The presence of admixed genotypes within clusters 2 and 3 (Fig. 3) suggests ongoing or recent gene flow among sampling locales. This is confirmed by the GeneClass2 analysis aimed to detect first generation migrants, which identified nine likely migrants: three between clusters 1 and 3, two between clusters 2 and 3, and four between clusters 3 and 4 (Fig. 4). However, given the lack of data for intermediate locations, it is not possible to evaluate if this mixing is due to gene flow from intermediate locations or long-range dispersal. These patterns of genetic discontinuities mirror the ones obtained for the same species along the Uganda coast of Lake Victoria, where among similarly spaced samples genetic discontinuities were identified using microsatellite loci [16].

Fig. 4
figure 4

Patterns of migration and effective population size ranges as determined in GeneClass2 and NeEstimator v2, respectively [33, 34]. The gray arrows indicate the direction of migration. Line weights are proportional to the number of migrants. The values adjacent to the arrows are the number of migrants identified within our data set.
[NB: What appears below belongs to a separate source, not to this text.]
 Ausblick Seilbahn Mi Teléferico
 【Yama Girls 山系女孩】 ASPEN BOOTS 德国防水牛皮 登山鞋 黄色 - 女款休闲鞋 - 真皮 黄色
Distances between clusters are not proportional to actual distances between sample sites. Cluster 1: BUK; Cluster 2: UKE; Cluster 3: RAS, KIR, MAS and TOB; Cluster 4: KIS and MAN

Although estimates of effective population size (Ne) were not uniform among sampling sites, and given the confidence intervals for clusters 3 and 4 (Fig. 4), the Ne estimates may not be very reliable. The high genetic diversity (FST = 0.341; FST = 0.308 and FST = 0.286) recovered at some sampling sites (Table 1) points to large resident populations. Recent reports indicated high and varied G. f. fuscipes densities in the sampling sites analyzed in this study [11]. These data indirectly seem to support the existence of local large pockets of tsetse flies at these sampling sites. Further screening of tsetse flies at these and neighboring sites, including temporal collections to capture seasonal variations in fly population sizes and densities, would shed additional light on local tsetse population dynamics, which is of critical relevance for monitoring and control.

Conclusions

From a control perspective these results suggest that, given the genetic homogeneity among sampling sites from the Rorya district, these sites should be controlled and monitored together to guard against reinvasion from neighboring untreated areas. A similar strategy should be adopted for the region including the two Kenyan sampling sites. However, given that the microsatellite data show that Kenya and the Rorya district samples are genetically distinct even though they are only ~65–80 km apart, control and monitoring effort may not necessarily need to include large geographical areas. Future studies should include a more uniform geographical representation of tsetse infested areas than in the current study to quantify the extent and spatial pattern of the genetic discontinuities found in this study among sampling sites located at varying geographical distances.